— Records from a data collection —
- - -
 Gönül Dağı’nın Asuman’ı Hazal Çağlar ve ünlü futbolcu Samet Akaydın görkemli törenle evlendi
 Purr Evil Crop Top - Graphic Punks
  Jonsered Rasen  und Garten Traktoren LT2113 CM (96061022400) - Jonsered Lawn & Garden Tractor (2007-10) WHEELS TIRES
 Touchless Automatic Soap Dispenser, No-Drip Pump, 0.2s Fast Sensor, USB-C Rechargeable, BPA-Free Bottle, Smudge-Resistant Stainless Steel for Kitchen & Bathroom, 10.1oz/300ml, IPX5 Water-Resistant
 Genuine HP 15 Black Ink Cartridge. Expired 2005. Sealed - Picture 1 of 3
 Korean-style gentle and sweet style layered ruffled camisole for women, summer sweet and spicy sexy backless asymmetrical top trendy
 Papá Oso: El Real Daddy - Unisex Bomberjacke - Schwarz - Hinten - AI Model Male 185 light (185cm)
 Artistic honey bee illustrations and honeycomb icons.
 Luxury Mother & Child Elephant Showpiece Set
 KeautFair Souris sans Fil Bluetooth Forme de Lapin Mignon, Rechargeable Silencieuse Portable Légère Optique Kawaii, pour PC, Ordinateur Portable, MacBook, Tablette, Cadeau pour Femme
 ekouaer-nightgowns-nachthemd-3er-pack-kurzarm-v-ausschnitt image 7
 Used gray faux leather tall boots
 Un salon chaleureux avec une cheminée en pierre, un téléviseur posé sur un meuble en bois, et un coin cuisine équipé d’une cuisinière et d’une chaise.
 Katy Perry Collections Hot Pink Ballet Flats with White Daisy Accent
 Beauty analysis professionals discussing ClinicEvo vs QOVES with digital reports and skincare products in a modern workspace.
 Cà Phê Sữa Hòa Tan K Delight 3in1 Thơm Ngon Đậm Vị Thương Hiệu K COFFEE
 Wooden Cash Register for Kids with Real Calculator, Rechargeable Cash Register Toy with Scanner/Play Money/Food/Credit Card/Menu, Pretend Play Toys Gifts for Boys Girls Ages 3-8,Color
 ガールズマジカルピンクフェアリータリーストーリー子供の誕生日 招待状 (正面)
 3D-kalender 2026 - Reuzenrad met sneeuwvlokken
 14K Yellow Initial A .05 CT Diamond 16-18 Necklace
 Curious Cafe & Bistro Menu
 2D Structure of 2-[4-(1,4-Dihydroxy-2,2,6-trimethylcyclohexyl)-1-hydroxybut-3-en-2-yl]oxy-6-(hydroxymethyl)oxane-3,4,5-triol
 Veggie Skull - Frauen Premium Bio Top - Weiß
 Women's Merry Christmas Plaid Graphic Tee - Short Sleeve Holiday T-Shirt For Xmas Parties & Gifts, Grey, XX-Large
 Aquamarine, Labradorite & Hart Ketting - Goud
- - -
— What the exercise asks —
Your answer must be the data above, copied exactly from its first line through the line containing "(2007-10) WHEELS TIRES", and nothing more.

— Response box —
 Gönül Dağı’nın Asuman’ı Hazal Çağlar ve ünlü futbolcu Samet Akaydın görkemli törenle evlendi
 Purr Evil Crop Top - Graphic Punks
  Jonsered Rasen  und Garten Traktoren LT2113 CM (96061022400) - Jonsered Lawn & Garden Tractor (2007-10) WHEELS TIRES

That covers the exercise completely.